When Terps midfielder Jake Bernhardt scored the game’s first goal in an 18-6 victory over Colgate in the regular-season finale May 4, the sideline erupted. Players shoved one another, leaped and screamed in what the team calls the “Maryland mosh pit.”

Opposing coaches said that enthusiasm comes from the slim, unassuming man standing a few feet away from the ruckus. The unimposing Tillman stands about six feet tall. His players often tease him about his typical outfit: plain black sneakers, khakis, a Terps polo and a matching baseball cap.

He’s friendly, too, always eager to strike up discussions with fans, opponents or reporters.

Yet the fire and passion his team displays is tough to match.

“That energy comes from leadership,” Meade said. “John’s got a certain way that he does things, and it elicits very positive responses from the kids that he coaches.”

Tillman also possesses a precise attention to detail, mapping out every step his team will take.

“Coach Tillman always talks about enjoying the process,” long pole Jesse Bernhardt said in February. “So we try to put our effort into each step of the process before moving on to the next step.”

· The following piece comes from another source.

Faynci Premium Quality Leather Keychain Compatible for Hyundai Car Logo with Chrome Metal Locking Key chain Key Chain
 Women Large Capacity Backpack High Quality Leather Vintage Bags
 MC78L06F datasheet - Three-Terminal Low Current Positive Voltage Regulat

Those two qualities have helped the Terps achieve plenty of success. They’ve reached the national title game in both of Tillman’s first two seasons at the helm, and they enter this year’s NCAA tournament as the No. 6 seed with a matchup against Cornell looming tomorrow.

But for all his accomplishments, Tillman still hasn’t delivered a national championship to College Park. The team fell short the past two seasons, and pressure is mounting on the program, which earned its last title in 1975, despite reaching the tournament 31 times since then.

“It’s tough,” Tillman said. “You know how much it would mean to our state, our school and our alumni and our kids to win a championship.”

Tillman, though, is dedicated to ending the team’s 37-year drought. Just like he did on the blacktop in Corning 30 years earlier, he’ll use his intuition to approach the problem and work endlessly to solve it.

“I feel very fortunate, just like I did 20 years ago, to be doing something that I love and that I’m passionate about,” Tillman said. “I still can’t wait to get to work every day.”